Accounting record keeping policies and procedures

3. Record keeping procedures in accounting

Record keeping procedures can include the following:

  • Indexing
  • Identifying
  • Storing
  • Retrieving
  • Transporting
  • Destroying

Indexing procedures: indexing files, boxes, etc. For example, each box can be indexed by the year of document destruction (e.g., 20X3 – box 5).

Identification procedures: labeling boxing, storing similar boxes in a common area, etc.

Storage area layout procedures: there should be a layout plan for the storage area to help with indexing and identifying boxes.

Document retrieval procedures: to ensure organized record keeping, there should be a procedure identifying the document retrieval process. For instance, document retrieval can be done through request forms, logout forms, reports listing all withdrawn documents, etc.

Storage and retrieval of confidential documents: confidential documents (e.g., legal, payroll) can be stored in a different area or off-site. Access procedures should be specified.

Transporting procedures: if needed, there should be procedures for transferring documents to off-site storage at the end of the fiscal year. That is, such procedures should specify the segregation and review of current documents at the end of the period (e.g., formal sign-off on the content of the transferred documents).

Document destruction procedures: these procedures require good controls to prevent improper destruction of the records. Such procedures should require: document destruction certificate (i.e., it should list documents to be destroyed -- in accordance with the company’s retention and destruction policy), approval signatures, and signature(s) of individual(s) who saw the actual destruction of the documents.

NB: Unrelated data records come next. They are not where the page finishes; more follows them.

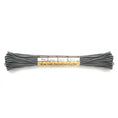 Load image into Gallery viewer, M-Tac Paracord Minicord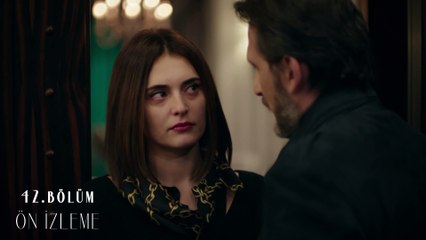 Ufak Tefek Cinayetler 42. Bölüm Ön İzleme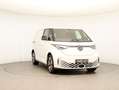 Volkswagen ID. Buzz VW ID. Buzz Cargo Pro 4MOTION 250 kW Weiß - thumbnail 21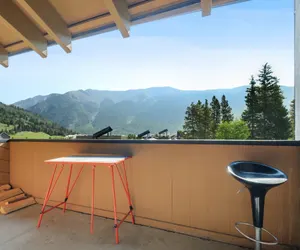 Photo 4 - Copper Mountain Inn 4 Bedroom + Loft Condo #425/429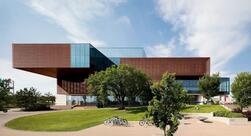 Remai Modern
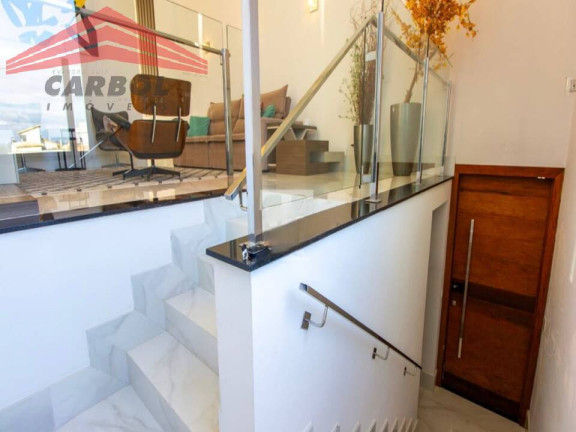 Imagem Casa de Condomínio com 3 Quartos à Venda, 420 m² em Loteamento Vale Azul I - Jundiaí Imagem Casa de Condomínio com 3 Quartos à Venda, 420 m² em Loteamento Vale Azul I - Jundiaí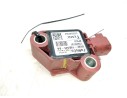 SENSOR IMPACTO LATERAL 5H2Z14B345BA 
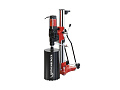 Фото Rothenberger Rodiacut 400 Pro D алмазная сверлильная установка - Fortools - профессиональный инструмент Фото Rothenberger Rodiacut 400 Pro D алмазная сверлильная установка - Fortools - профессиональный инструмент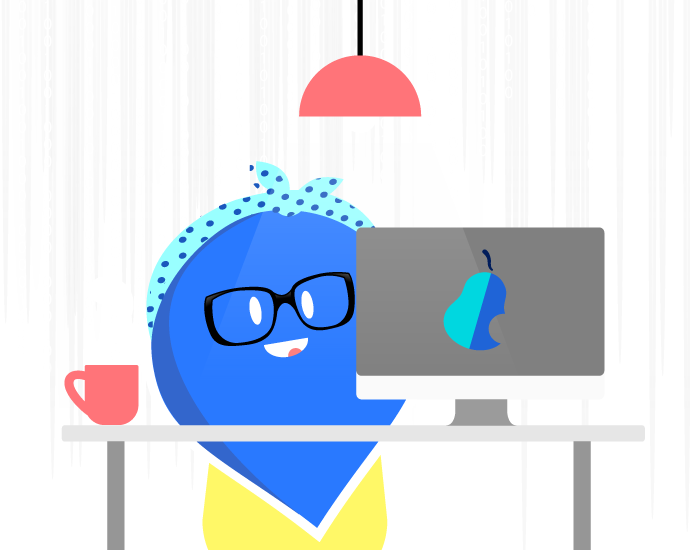 His Dream Recruit Clipart (690x550), Png Download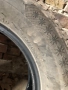Продават се гуми за джип , снимка 3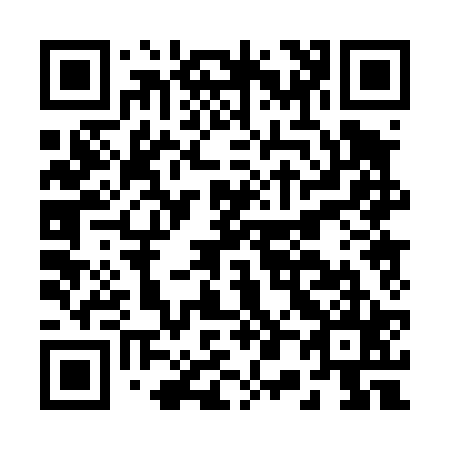 QR code for B00425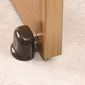 Prendedor Porta Magnético FP-600 Marrom - Vonder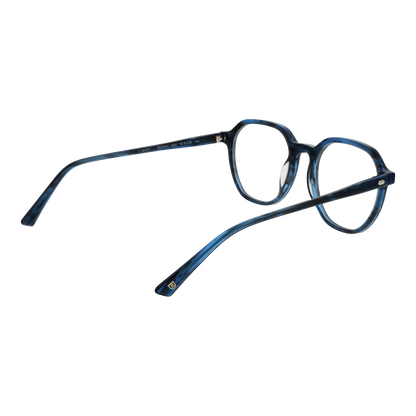 Bulget Optical Frame BG6441 G22 50
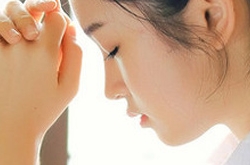 青春期女生也会得妇科病 7种病要特别当心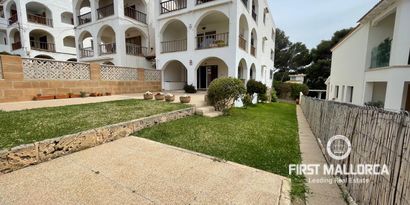 Inmobiliaria picture 5 Ref. Nº. 81463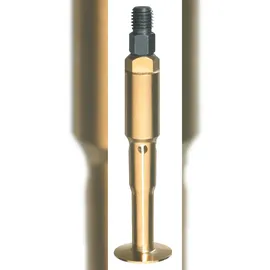 Gedore Innenauszieher-Set, 5-teilig, 1.34/10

Important to note, record keeping policies and procedures apply to tax records as well. For example, it is important to retain tax returns as well as tax working papers (i.e., records created during the completion of tax forms). If possible, there should be a central tax database and tax calendar. The tax calendar might specify dates for estimated payments during the calendar year, year-end tax return, mailing tax return, retirement packages to be completed, forms, federal use tax (e.g., highway vehicles), etc.  Tax forms should have summary tables: storage location, form name/number, form due date, reporting location, reporting address, form sources, general ledge source (account), etc.